- DATA BELOW -
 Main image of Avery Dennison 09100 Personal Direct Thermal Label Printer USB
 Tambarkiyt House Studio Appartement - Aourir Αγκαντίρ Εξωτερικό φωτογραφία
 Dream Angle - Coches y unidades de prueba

- WHAT IS NEEDED -
Copy out the line containing "Tambarkiyt House Studio", then every line after it through the end of the listing, exactly and with nothing else.

- RESULT BELOW -
 Tambarkiyt House Studio Appartement - Aourir Αγκαντίρ Εξωτερικό φωτογραφία
 Dream Angle - Coches y unidades de prueba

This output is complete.